#### What is being asked:
Begin at the line below that holds "There you have" and end at the line that holds "A urologist will", transcribing each line exactly and skipping any picture.

#### Supplied data:
════════

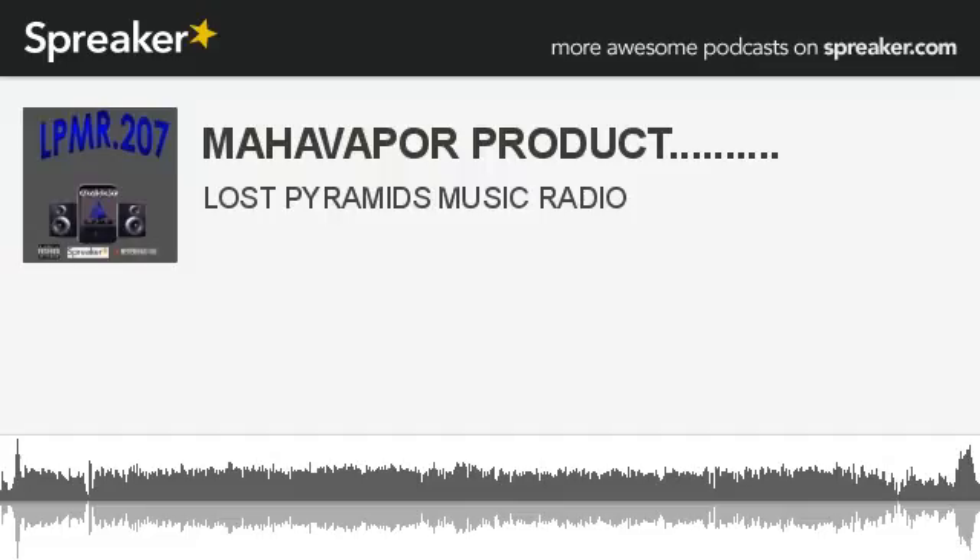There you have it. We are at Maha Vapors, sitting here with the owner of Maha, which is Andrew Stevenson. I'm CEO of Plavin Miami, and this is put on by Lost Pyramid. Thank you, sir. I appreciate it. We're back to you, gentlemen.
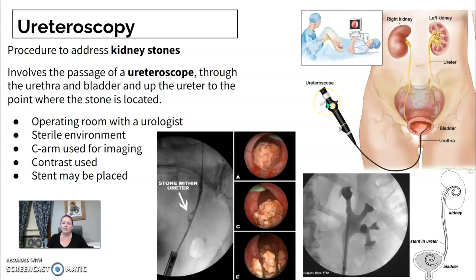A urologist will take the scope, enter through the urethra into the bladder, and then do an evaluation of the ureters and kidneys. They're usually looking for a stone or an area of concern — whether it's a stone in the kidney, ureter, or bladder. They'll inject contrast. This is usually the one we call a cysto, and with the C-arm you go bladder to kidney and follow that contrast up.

════════

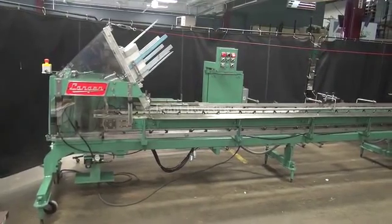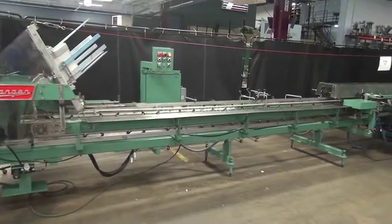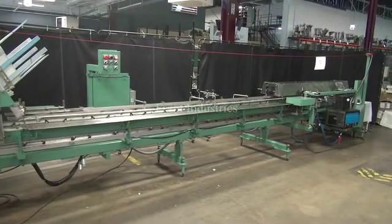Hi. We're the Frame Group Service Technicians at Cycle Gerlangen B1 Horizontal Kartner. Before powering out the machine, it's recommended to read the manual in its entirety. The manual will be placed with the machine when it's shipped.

════════

#### Result of the exercise:
There you have it. We are at Maha Vapors, sitting here with the owner of Maha, which is Andrew Stevenson. I'm CEO of Plavin Miami, and this is put on by Lost Pyramid. Thank you, sir. I appreciate it. We're back to you, gentlemen.
A urologist will take the scope, enter through the urethra into the bladder, and then do an evaluation of the ureters and kidneys. They're usually looking for a stone or an area of concern — whether it's a stone in the kidney, ureter, or bladder. They'll inject contrast. This is usually the one we call a cysto, and with the C-arm you go bladder to kidney and follow that contrast up.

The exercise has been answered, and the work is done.